§ **WHAT TO DO**
Find the line containing "Hat Vector Icon Design" in the entries below. Restate it and each line after it, word for word, up to and including the line containing "Farfurie desert Coq".

»»

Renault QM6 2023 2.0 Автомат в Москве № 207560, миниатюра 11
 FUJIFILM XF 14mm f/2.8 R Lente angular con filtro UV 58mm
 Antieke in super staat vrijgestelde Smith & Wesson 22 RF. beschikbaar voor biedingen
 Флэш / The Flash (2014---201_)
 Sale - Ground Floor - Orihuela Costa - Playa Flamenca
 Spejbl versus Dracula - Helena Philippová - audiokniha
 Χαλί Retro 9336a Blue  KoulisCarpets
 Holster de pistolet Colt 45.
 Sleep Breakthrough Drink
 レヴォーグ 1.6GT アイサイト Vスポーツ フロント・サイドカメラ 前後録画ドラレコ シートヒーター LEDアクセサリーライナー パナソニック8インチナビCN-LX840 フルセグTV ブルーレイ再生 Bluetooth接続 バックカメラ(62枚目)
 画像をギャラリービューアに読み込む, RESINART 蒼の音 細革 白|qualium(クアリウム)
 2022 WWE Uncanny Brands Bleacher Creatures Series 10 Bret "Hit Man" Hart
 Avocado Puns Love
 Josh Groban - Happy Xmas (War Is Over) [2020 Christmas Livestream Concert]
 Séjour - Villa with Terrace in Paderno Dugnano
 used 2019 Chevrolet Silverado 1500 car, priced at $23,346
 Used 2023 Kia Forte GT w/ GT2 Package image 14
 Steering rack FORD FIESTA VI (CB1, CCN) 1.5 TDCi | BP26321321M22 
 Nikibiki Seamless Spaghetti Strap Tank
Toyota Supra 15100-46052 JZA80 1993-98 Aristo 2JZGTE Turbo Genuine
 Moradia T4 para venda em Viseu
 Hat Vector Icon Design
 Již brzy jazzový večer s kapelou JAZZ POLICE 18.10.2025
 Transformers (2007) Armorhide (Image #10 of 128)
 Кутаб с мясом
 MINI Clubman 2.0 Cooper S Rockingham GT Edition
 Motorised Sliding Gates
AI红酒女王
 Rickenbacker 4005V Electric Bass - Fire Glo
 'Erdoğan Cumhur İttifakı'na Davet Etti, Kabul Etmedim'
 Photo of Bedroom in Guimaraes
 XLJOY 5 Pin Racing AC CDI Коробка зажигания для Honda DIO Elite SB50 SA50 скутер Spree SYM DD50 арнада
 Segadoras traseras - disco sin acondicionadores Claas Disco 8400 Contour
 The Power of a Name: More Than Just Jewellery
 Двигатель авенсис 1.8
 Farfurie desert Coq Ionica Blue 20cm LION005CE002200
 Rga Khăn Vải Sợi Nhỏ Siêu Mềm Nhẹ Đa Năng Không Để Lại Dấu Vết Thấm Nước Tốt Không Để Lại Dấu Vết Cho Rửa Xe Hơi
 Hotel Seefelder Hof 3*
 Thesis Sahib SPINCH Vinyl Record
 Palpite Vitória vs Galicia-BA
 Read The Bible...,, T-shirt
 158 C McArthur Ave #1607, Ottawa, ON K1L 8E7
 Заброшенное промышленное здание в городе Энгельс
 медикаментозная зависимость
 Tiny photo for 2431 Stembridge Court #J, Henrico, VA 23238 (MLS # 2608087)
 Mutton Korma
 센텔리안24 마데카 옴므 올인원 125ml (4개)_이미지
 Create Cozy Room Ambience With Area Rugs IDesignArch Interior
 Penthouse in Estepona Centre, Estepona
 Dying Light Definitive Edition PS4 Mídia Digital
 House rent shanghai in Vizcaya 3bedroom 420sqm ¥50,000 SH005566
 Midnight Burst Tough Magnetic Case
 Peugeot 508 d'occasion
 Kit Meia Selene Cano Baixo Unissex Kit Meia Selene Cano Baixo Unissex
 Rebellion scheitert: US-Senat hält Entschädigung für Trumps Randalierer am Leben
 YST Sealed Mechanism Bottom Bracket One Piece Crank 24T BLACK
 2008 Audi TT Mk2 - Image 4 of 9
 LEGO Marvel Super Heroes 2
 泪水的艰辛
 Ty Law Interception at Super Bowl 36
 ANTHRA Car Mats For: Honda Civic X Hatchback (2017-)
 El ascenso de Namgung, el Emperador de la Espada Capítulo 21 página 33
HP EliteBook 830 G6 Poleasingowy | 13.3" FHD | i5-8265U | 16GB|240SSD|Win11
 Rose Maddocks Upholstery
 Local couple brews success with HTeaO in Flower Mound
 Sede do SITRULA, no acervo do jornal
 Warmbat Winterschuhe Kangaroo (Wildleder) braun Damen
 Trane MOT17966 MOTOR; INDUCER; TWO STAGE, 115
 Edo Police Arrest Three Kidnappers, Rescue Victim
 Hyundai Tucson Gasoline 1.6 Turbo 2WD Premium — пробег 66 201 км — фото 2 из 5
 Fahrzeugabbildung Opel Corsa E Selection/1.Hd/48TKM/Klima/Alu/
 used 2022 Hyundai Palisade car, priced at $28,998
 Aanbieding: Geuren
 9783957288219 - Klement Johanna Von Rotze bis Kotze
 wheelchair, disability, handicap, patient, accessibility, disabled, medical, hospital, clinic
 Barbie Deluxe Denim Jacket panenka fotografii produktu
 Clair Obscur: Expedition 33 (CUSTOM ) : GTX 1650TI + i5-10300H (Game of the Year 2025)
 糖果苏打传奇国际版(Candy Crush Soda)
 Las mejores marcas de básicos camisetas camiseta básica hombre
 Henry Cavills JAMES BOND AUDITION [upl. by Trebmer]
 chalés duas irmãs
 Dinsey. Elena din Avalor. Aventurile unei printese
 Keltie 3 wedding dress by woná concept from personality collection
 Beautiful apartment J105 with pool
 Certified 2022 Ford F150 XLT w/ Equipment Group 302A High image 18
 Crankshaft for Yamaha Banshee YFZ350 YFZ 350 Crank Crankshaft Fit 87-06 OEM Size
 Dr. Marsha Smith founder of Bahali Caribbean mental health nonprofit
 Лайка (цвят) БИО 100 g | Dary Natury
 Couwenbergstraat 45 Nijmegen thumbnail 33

««

§ **YOUR SOLUTION**
 Hat Vector Icon Design
 Již brzy jazzový večer s kapelou JAZZ POLICE 18.10.2025
 Transformers (2007) Armorhide (Image #10 of 128)
 Кутаб с мясом
 MINI Clubman 2.0 Cooper S Rockingham GT Edition
 Motorised Sliding Gates
AI红酒女王
 Rickenbacker 4005V Electric Bass - Fire Glo
 'Erdoğan Cumhur İttifakı'na Davet Etti, Kabul Etmedim'
 Photo of Bedroom in Guimaraes
 XLJOY 5 Pin Racing AC CDI Коробка зажигания для Honda DIO Elite SB50 SA50 скутер Spree SYM DD50 арнада
 Segadoras traseras - disco sin acondicionadores Claas Disco 8400 Contour
 The Power of a Name: More Than Just Jewellery
 Двигатель авенсис 1.8
 Farfurie desert Coq Ionica Blue 20cm LION005CE002200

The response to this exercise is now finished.